David Mamet's new Oval Office satire depicts one day in the life of a beleaguered American commander-in-chief. It's November in a Presidential election year, and incumbent Charles Smith's chances for reelection are looking grim. Approval ratings are down, his money's running out, and nuclear war might be imminent. Though his staff has thrown in the towel and his wife has begun to prepare for her post-White House life, Chuck isn't ready to give up just yet. Amidst the biggest fight of his political career, the President has to find time to pardon a couple of turkeys — saving them from the slaughter before Thanksgiving — and this simple PR event inspires Smith to risk it all in attempt to win back public support. With Mamet's characteristic no-holds-barred style, November is a scathingly hilarious take on the state of America today and the lengths to which people will go to win.

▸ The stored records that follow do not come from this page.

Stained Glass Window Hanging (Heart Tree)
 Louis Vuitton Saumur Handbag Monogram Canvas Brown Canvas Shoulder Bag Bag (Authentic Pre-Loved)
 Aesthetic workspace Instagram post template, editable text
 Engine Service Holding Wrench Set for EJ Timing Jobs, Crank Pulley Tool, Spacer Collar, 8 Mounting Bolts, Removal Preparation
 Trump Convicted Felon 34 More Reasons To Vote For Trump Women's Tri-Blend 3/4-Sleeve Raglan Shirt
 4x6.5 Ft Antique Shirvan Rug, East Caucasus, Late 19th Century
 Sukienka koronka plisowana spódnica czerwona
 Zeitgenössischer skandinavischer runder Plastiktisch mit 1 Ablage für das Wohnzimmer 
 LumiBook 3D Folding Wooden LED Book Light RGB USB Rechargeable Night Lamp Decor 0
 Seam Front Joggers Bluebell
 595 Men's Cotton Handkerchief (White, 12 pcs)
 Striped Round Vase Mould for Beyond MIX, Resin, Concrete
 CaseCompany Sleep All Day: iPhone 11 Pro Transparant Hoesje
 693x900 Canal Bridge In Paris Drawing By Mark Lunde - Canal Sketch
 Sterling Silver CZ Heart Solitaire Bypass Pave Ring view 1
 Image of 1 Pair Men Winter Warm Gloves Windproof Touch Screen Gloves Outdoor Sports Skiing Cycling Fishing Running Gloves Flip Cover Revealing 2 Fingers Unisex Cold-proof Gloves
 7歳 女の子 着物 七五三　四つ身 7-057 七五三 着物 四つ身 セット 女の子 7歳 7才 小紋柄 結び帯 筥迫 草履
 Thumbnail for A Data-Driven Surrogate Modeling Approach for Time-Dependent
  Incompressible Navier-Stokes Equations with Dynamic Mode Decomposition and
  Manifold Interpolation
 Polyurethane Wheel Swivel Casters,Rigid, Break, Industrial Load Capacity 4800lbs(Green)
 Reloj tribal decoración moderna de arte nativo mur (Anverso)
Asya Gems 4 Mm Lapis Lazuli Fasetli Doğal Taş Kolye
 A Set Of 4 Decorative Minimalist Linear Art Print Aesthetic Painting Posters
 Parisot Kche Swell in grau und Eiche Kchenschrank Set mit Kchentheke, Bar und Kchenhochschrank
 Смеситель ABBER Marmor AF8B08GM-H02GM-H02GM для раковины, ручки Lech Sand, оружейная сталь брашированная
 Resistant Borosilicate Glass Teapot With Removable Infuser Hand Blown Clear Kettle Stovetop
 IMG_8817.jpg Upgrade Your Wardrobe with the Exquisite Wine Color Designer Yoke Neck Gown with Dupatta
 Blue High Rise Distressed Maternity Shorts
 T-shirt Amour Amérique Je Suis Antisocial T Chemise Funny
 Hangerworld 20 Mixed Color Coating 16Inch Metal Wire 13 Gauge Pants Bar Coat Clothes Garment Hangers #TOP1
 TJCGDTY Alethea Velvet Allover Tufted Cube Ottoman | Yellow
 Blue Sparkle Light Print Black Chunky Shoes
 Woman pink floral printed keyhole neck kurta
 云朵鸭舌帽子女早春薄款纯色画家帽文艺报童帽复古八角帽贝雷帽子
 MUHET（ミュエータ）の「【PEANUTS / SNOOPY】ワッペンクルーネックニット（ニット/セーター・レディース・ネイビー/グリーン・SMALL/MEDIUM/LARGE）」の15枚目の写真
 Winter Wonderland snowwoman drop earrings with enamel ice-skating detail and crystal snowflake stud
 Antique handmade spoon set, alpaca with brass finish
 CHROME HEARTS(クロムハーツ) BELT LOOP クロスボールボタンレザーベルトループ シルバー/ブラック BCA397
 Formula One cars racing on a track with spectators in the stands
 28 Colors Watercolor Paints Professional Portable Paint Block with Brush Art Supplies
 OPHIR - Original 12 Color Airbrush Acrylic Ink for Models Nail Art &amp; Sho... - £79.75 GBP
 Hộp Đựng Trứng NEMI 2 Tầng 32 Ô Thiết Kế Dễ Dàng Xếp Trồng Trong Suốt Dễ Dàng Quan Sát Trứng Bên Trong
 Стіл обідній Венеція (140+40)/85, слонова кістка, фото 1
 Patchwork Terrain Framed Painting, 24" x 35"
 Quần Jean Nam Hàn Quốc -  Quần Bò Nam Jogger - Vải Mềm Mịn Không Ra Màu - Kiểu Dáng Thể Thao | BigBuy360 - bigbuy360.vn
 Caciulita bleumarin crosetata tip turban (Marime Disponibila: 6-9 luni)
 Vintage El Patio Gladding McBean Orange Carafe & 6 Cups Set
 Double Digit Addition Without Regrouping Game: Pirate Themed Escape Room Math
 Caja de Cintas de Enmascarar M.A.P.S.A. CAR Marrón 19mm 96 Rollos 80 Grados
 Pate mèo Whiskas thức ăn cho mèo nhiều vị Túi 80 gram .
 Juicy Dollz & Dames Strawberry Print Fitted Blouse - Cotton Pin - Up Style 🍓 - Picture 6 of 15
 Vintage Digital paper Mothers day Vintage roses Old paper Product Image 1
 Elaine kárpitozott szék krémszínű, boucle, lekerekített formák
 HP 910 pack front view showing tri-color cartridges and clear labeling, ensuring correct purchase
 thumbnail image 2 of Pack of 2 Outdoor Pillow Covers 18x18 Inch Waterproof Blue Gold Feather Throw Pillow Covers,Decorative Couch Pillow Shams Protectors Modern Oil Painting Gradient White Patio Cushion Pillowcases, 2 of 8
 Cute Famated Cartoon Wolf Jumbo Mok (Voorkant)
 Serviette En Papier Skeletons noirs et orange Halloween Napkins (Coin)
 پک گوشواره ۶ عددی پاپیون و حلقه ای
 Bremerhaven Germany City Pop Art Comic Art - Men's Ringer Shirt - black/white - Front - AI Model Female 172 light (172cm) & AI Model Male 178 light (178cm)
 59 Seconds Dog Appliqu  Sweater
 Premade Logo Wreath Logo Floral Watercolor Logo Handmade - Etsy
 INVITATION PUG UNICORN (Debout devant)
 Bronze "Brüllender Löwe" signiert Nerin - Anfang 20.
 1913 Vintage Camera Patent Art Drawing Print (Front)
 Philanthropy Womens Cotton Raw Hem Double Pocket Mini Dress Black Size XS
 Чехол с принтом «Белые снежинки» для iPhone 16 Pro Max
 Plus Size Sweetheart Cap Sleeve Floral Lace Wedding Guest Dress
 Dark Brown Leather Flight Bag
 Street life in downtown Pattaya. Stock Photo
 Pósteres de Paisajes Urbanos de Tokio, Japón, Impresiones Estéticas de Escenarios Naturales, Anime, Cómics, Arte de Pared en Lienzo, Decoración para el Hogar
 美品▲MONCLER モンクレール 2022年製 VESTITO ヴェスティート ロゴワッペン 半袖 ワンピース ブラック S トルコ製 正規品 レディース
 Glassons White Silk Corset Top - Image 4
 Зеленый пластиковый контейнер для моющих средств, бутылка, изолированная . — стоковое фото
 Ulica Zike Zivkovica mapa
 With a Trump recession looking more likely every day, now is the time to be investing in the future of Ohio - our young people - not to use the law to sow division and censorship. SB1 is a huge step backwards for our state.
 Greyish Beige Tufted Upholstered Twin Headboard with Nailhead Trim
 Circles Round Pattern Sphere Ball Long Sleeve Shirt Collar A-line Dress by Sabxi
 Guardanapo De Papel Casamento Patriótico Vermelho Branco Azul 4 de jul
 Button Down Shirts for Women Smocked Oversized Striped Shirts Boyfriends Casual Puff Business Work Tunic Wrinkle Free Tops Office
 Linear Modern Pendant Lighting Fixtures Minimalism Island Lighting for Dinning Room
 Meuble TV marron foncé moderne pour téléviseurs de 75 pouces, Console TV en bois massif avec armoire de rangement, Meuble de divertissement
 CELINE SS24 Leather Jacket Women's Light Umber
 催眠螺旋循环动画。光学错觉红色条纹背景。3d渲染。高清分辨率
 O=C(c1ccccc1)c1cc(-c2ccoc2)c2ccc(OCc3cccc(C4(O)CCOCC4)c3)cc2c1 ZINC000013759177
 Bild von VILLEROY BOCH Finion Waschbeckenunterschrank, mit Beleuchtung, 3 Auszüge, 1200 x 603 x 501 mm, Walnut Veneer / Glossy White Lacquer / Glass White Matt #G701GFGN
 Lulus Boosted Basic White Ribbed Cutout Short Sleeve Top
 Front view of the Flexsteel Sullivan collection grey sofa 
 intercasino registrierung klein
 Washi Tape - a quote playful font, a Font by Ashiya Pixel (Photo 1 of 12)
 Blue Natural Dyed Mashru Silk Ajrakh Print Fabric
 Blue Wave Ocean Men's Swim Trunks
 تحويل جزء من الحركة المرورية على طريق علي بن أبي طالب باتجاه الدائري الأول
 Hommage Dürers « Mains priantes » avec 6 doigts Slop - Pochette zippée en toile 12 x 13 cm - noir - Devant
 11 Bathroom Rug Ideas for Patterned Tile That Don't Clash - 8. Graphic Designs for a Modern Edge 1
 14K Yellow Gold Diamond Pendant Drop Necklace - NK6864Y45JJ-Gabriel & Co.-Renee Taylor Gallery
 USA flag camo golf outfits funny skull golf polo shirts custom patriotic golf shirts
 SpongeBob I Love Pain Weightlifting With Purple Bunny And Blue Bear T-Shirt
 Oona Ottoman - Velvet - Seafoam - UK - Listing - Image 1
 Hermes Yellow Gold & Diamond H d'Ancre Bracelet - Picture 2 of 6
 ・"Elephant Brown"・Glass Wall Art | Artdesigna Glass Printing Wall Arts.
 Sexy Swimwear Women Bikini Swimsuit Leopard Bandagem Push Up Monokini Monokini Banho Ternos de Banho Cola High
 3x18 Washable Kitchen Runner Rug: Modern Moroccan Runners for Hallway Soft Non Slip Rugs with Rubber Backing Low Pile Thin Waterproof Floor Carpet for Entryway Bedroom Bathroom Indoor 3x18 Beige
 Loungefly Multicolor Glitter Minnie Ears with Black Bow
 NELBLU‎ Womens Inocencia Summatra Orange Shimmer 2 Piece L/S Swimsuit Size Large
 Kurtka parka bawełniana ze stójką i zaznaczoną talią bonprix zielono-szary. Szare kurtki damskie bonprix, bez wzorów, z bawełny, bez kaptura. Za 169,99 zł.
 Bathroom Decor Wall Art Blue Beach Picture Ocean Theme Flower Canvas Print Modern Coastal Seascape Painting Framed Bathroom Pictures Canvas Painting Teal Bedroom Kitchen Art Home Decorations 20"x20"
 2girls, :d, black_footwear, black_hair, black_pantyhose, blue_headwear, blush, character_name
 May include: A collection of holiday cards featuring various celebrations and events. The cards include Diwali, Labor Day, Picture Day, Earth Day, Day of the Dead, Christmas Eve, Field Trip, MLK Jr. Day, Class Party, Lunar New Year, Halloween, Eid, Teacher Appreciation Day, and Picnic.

"This is satire with a scorpion's sting" - Variety
"A professional skeptic and an inspired word jockey, David Mamet can lay claim to the same connoisseurship of human folly as H. L. Mencken, who once observed that, in America, 'only the man who was born with a petrified diaphragm can fail to laugh himself to sleep every night.' Mamet's new Oval Office satire, November... is a hilarious demonstration of the fact that we live in an age of equality: all classes are criminal... Broadway comedy is generally a testament to Twain's maxim that honesty is 'the best of all the lost arts.' On the boulevard, laughter is meant to distract, not galvanize, to enchant, not disenchant. Into this weak hand, David Mamet has dealt an ace." - John Lahr, The New Yorker
"Ferociously original... and crisply performed, [November] rollicks from one politically incorrect punch line to the next." – San Francisco Chronicle
"Savage merriment... delightful... wild... brilliant" – San Francisco Examiner
"Vaudeville meets current events... David Mamet just couldn't resist the bully pulpit of satire." – San Jose Mercury News
"Very funny" – The Sacramento Bee
"Remarkable... one of the most profoundly laugh-out-loud plays that I have seen in many years." – BeyondChron.org
"The big, explosive laughter that starts early in David Mamet's November is of a kind I haven't heard in decades." – The Village Voice
"November gets my vote! Like an expert marksman in a shooting gallery, the playwright takes aim at just about every hot-button issue of the day, scoring a bull's eye every time." –Backstage East
"A hilarious, timely, decidedly un-Mamet-like laughfest" – Hollywood Reporte "Sublime! One of the first breezy and intelligent comedies of substance we've seen in a long time" – The Villager
"Extremely funny" – The New York Times
NOVEMBER was first presented at the Barrymore Theater in New York City on January 17, 2008. It was directed by Joe Mantello.